[Start of Attachment]

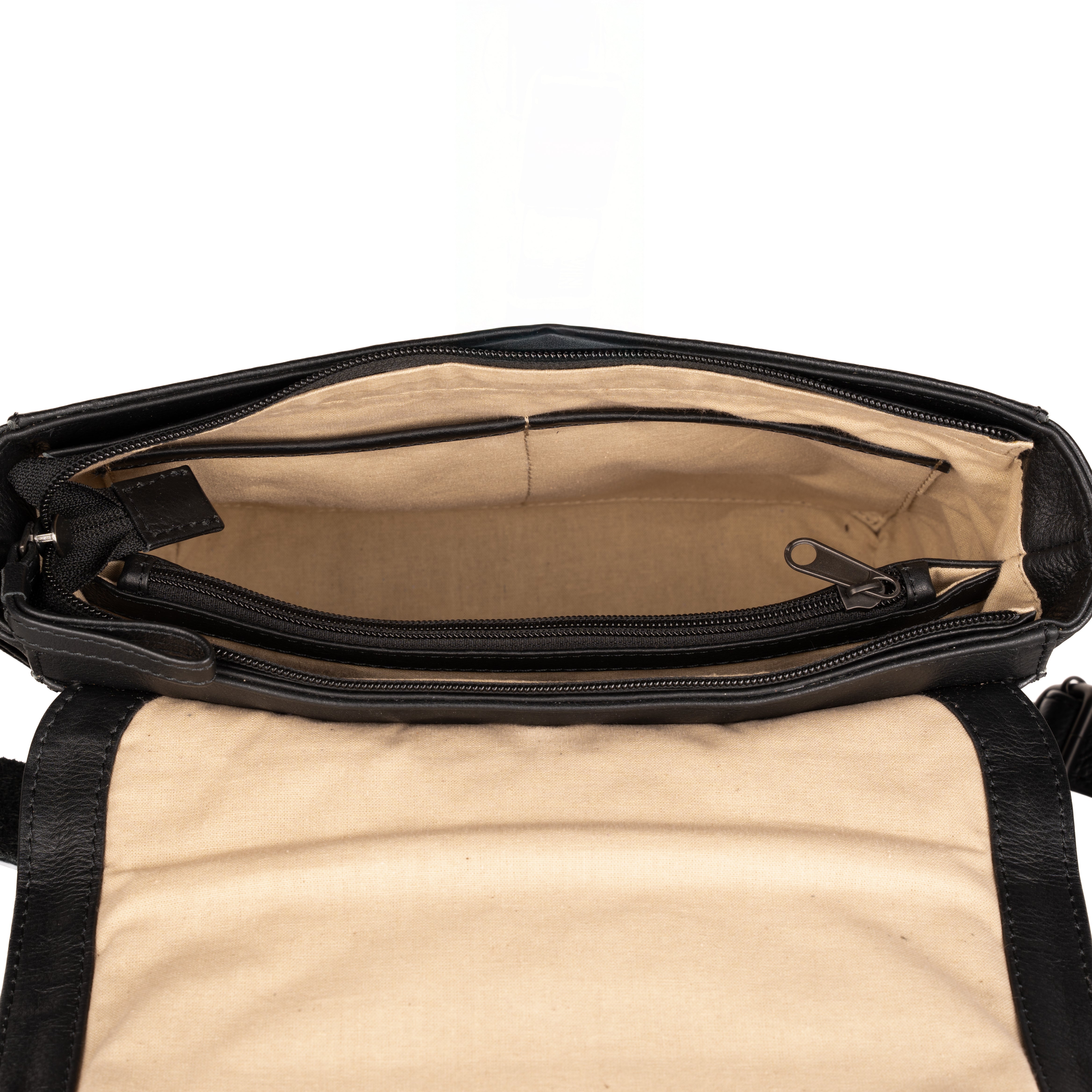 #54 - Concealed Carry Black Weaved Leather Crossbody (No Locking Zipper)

[End of Attachment]
[Start of Attachment]

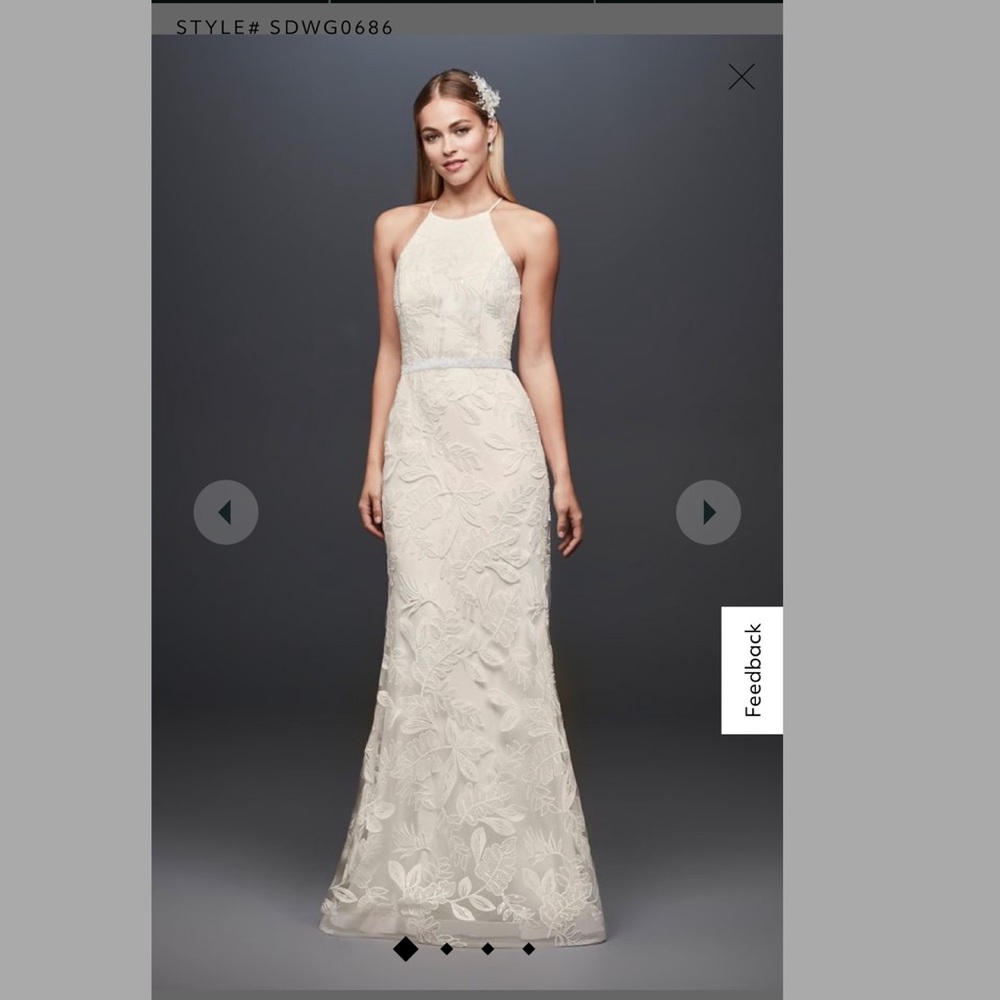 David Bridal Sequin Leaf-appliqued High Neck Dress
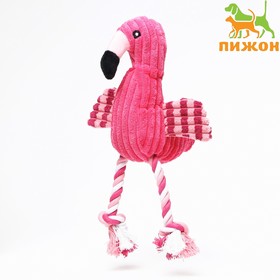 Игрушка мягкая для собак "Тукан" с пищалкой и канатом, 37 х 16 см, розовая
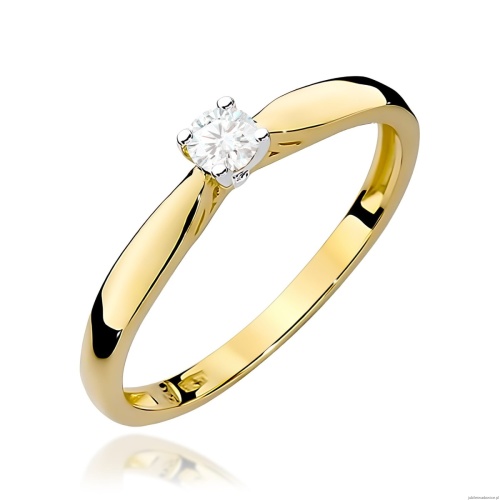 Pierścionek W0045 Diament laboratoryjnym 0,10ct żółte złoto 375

[End of Attachment]
[Start of Attachment]

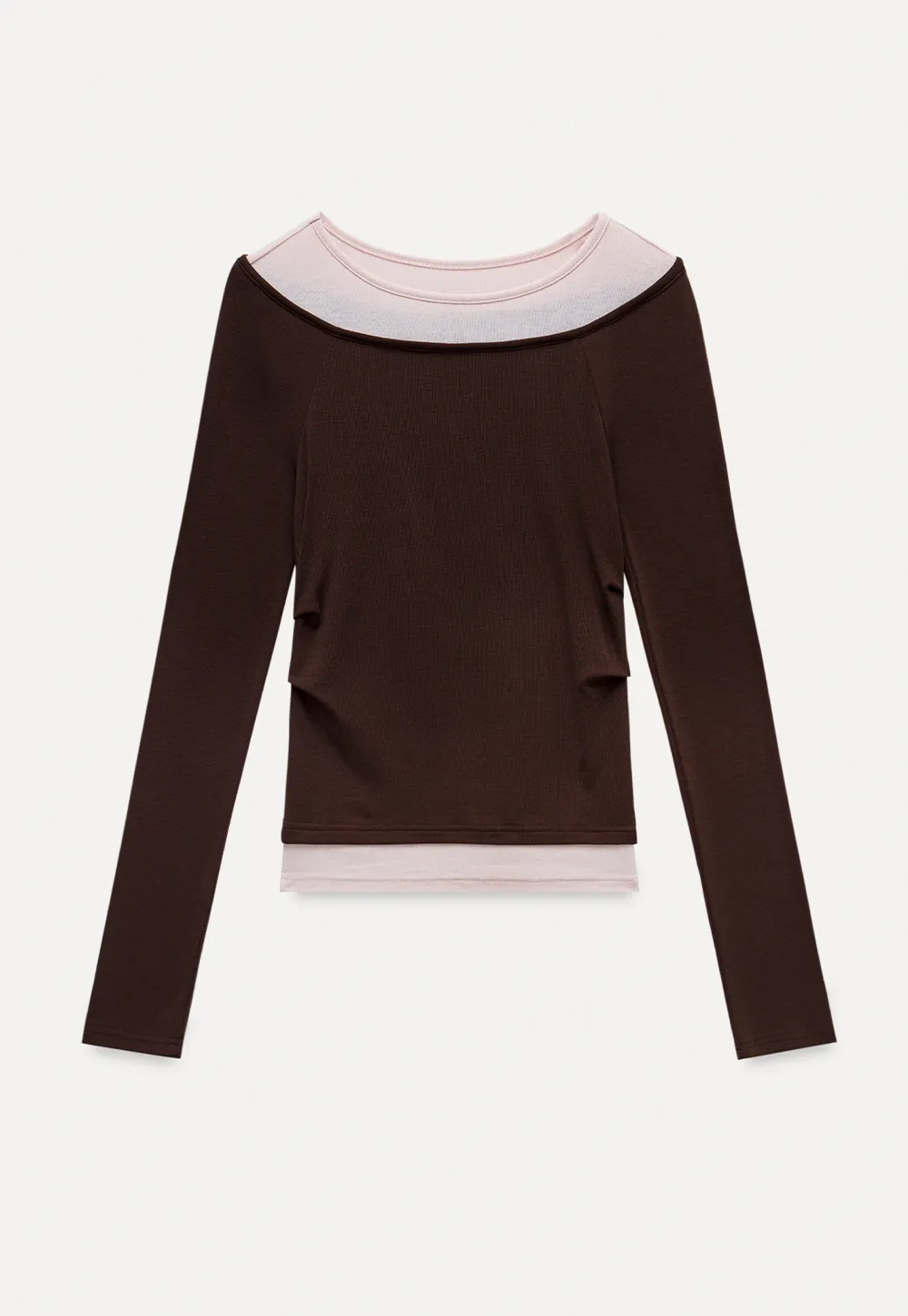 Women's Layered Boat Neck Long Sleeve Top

[End of Attachment]

• The task:
What is needed is an exact copy of the lines above, from the one holding "David Bridal Sequin" down to the one holding "Pierścionek W0045 Diament", with those two included and the pictures left out.

• The completed task:
 David Bridal Sequin Leaf-appliqued High Neck Dress
 Игрушка мягкая для собак "Тукан" с пищалкой и канатом, 37 х 16 см, розовая
 Pierścionek W0045 Diament laboratoryjnym 0,10ct żółte złoto 375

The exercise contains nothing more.